A fin de que el examen presente se desarrolle ordenadamente de acuerdo con la distinción que antes establecimos en el alma del hombre, de entendimiento y voluntad, es necesario que primeramente examinemos las fuerzas del entendimiento.
Decir que el entendimiento está tan ciego, que carece en absoluto de inteligencia respecto a todas las cosas del mundo, repugnaría, no sólo a la Palabra de Dios, sino también a la experiencia de cada día. Vemos que en la naturaleza humana existe un cierto deseo de investigar la verdad, hacia la cual no sentiría tanta inclinación si antes no tuviese gusto por ella. Es, pues, ya un cierto destello de luz en el espíritu del hombre este natural amor a la verdad; cuyo menosprecio en los animales brutos prueba que son estúpidos y carecen de entendimiento y de razón. Aunque este deseo, aun antes de comenzar a obrar, ya decae, pues luego decae en la vanidad. Porque el entendimiento humano, a causa de su rudeza, es incapaz de ir derecho en busca de la verdad, y anda vagando de un error a otro, como quien va a tientas en la oscuridad y a cada paso tropieza, hasta que desaparece aquella; así, él, al investigar la verdad deja ver cuánta es su ineptitud para lograrlo.

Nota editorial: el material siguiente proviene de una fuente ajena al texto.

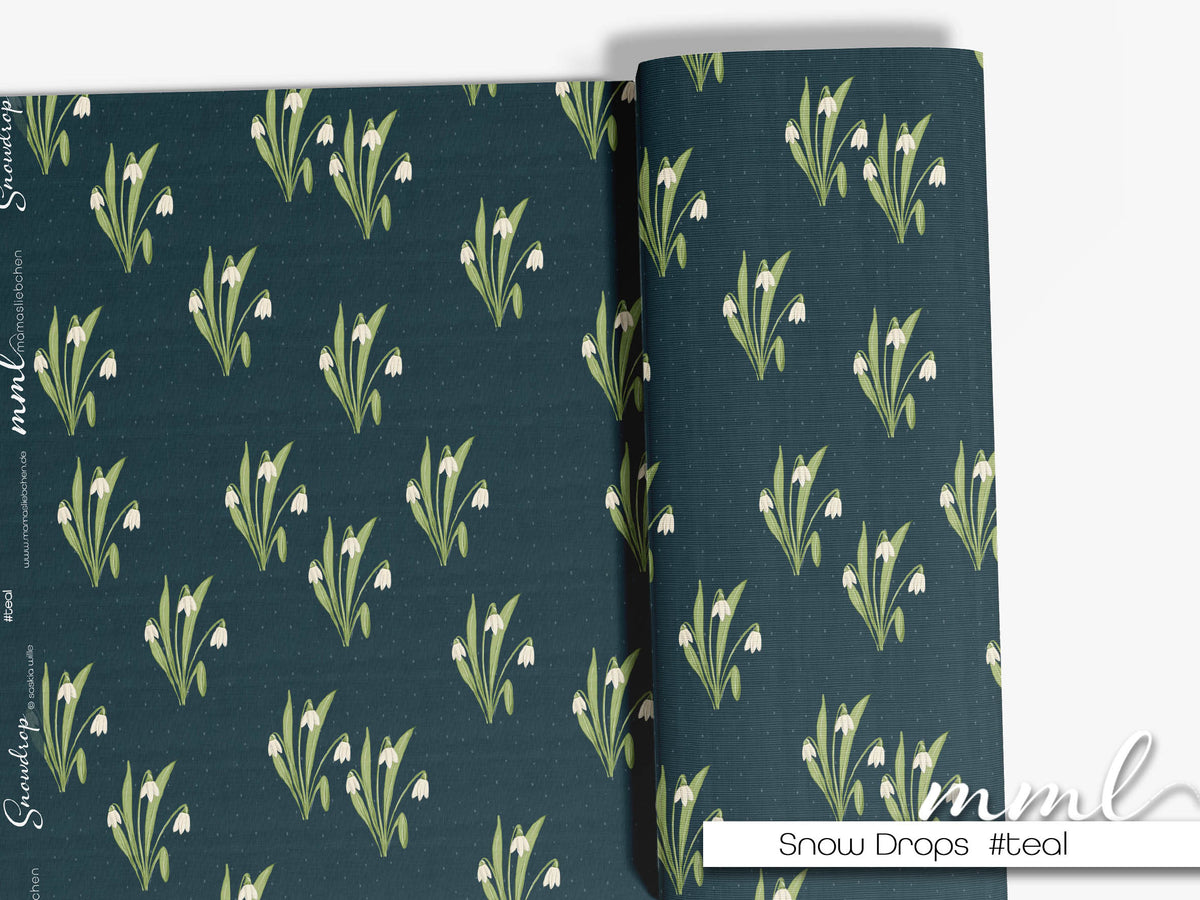 Jersey-Stoff "Snowdrop #teal" (0,25m)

Tiene además otro defecto bien notable, y consiste en que muchas veces no sabe determinar a qué deba aplicarse. Y así con desenfrenada curiosidad se pone a buscar las cosas superfluas y sin valor alguno; y en cambio, las importantes no las ve, o pasa por ellas despreciándolas. En verdad, raramente sucede que se aplique a conciencia. Y, aunque todos los escritores paganos se quejan de este defecto, casi todos han caído en él. Por eso Salomón en su Eclesiastés, después de citar las cosas en que se ejercitan los hombres creyéndose muy sabios, concluye finalmente que todos ellos son frívolos y vanos.
La inteligencia de las cosas terrenas y de las cosas del cielo
Sin embargo, cuando el entendimiento del hombre se esfuerza en conseguir algo, su esfuerzo no es tan en vano que no logre nada, especialmente cuando se trata de cosas inferiores. Igualmente, no es tan necio que no sepa gustar algo de las cosas celestiales, aunque es muy negligente en investigarlas. Pero no tiene la misma facilidad para las unas que para las otras. Porque, cuando se quiere elevar sobre las cosas de este mundo, entonces sobre todo aparece su flaqueza. Por ello, a fin de comprender mejor hasta dónde puede llegar en cada cosa, será necesario hacer una distinción, a saber: que la inteligencia de las cosas terrenas es distinta de la inteligencia de las cosas celestiales.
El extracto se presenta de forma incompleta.